Our previous blog on synthetic voice talked about what it is, how it works, and potential use cases for the technology. In this blog, our fifth in the Deepfake Voice series, we will focus our time around deepfake voice fraud. This subject has been a rising topic in discussion with deepfake voice, voice cloning, and synthetic voice, especially with the rise of scams and fake content.
In this series, we’ll cover:
- Why are AI-generated voices here to stay?
- What happens when AI is used for audio deepfake scams?
- Tackling the deepfake voice fraud problem
- Built-in audio watermarking protections
Why are AI-generated voices here to stay?
While the technology is still emerging, and the use cases are still being uncovered, many have surfaced in the last few years. Applications of synthetic voice include:
- Using different voices to create variety for repetitive content such as weather, news, and sports reports in radio broadcasts
- Creating synthetic replications of individual voice talent, such as Randy Hahn, sports commentator for the San Jose Sharks, who can scale sponsorship and advertising opportunities, even during their busy season
- Translating audio content, such as podcast episodes, into other languages to reach a wider audience
- Recreating voices of famous people from history or in pop culture for documentary or other entertainment purposes (always with their or their estate’s explicit permission)
- Enabling the visually impaired to consume text materials
These are just a few of the use cases we’ve seen recently. There are more primed to impact industries from education to healthcare, but the technology has made more headlines due to its malicious uses, ergo deepfakes.
What happens when AI is used for audio deepfake scams?

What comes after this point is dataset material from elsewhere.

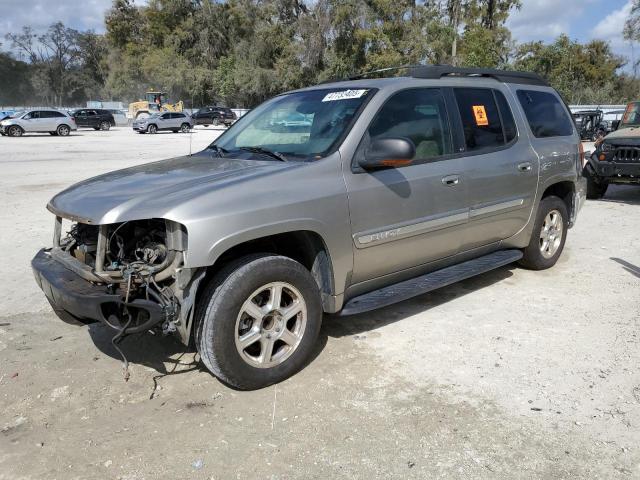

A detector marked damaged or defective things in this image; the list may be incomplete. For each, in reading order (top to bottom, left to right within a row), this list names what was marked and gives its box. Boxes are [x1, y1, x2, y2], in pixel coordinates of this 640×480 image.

crushed front bumper [32, 248, 164, 330]
damaged gmc envoy [32, 66, 588, 390]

Deepfake voice fraud is a real issue and has accelerated the conversation on protections. In 2019, fraudsters voice cloned a chief executive’s voice of an energy firm based in the United Kingdom. Wiring over 200K seemingly under the orders of the CEO, whose voice was authentic both in accent and tone. This incident was the first known cybercrime in Europe that directly used AI.
Another incident occurred in 2020. A bank manager working in the United Arab Emirates answered a call from a voice he recognized. He thought he was talking to a director of a company with whom he had conversations previously.

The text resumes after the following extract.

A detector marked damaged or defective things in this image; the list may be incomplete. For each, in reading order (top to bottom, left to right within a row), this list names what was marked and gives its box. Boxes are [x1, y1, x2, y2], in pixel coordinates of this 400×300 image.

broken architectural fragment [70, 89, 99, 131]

The director said that the company was acquiring another company and needed the bank to authorize transfers worth $35 million. Everything seemed legitimate, and the bank director initiated the transfers. However, it was a deepfake voice scam involving possibly more than 17 individuals who transferred the funds across the globe.

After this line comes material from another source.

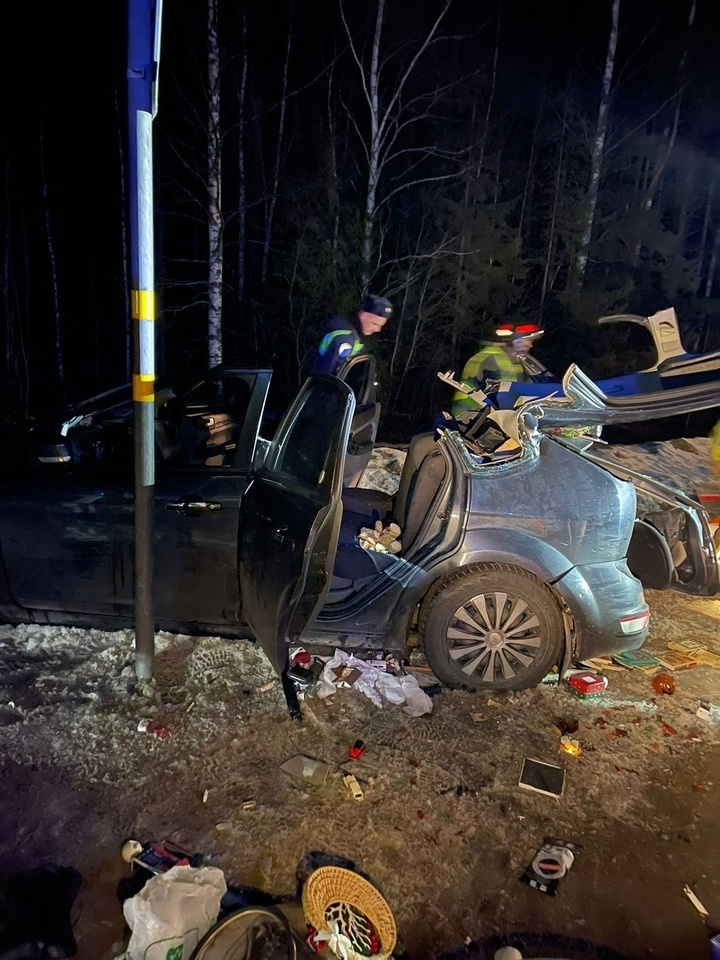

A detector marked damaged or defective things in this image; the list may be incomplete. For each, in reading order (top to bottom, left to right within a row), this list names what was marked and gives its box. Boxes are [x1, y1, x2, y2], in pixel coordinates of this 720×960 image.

wrecked car [0, 356, 716, 692]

Aside from phone scams becoming more sophisticated with the technology, there’s also the concern of it being used to influence social, legal, and political discourses. Many of us have probably encountered something on social media that was deepfaked.
Justin Bieber recently fell for a deepfake when he came across a video of Tom Cruise playing the guitar on TikTok. However, he quickly learned that it was not Tom Cruise—it was a deepfake video. So how do we defend against deepfake fraud?
Tackling the deepfake voice fraud problem
As we covered in our first blog in this series, there are two ways to defend against deepfakes. The first approach is to create a detector that analyzes a prospective voice to determine if it was made using deepfake technology. Unfortunately, this method lacks future-proofing because the technology will constantly evolve, the detector software will always have to maintain parity, which will be difficult.
The second method is implementing an audio watermark—inaudible to the listener—that people cannot edit. It would essentially be a record of when the voice was created, edited, and used. Companies would have to implement this in their software, following an industry standard that would make it easier for people to know if a voice was synthetically created or not.
Built-in audio watermarking protections
Veritone has put the ethical use of synthetic voices at the forefront of our voice-as-a-service application and services called MARVEL.ai. Within the application, only approved voices are made available for text-to-speech use cases. And for custom voices, used for speech-to-speech synthesis or text-to-speech, the underlying technology of MARVEL.ai helps fight against the improper use of one’s voice.
We’ve adopted inaudible watermarks to guarantee the authenticity of a voice and prevent others from using them illicitly. In addition, custom voices and the associated data are protected with the highest standards possible, ensuring that the voice owners have complete control of how and where third parties use their voice.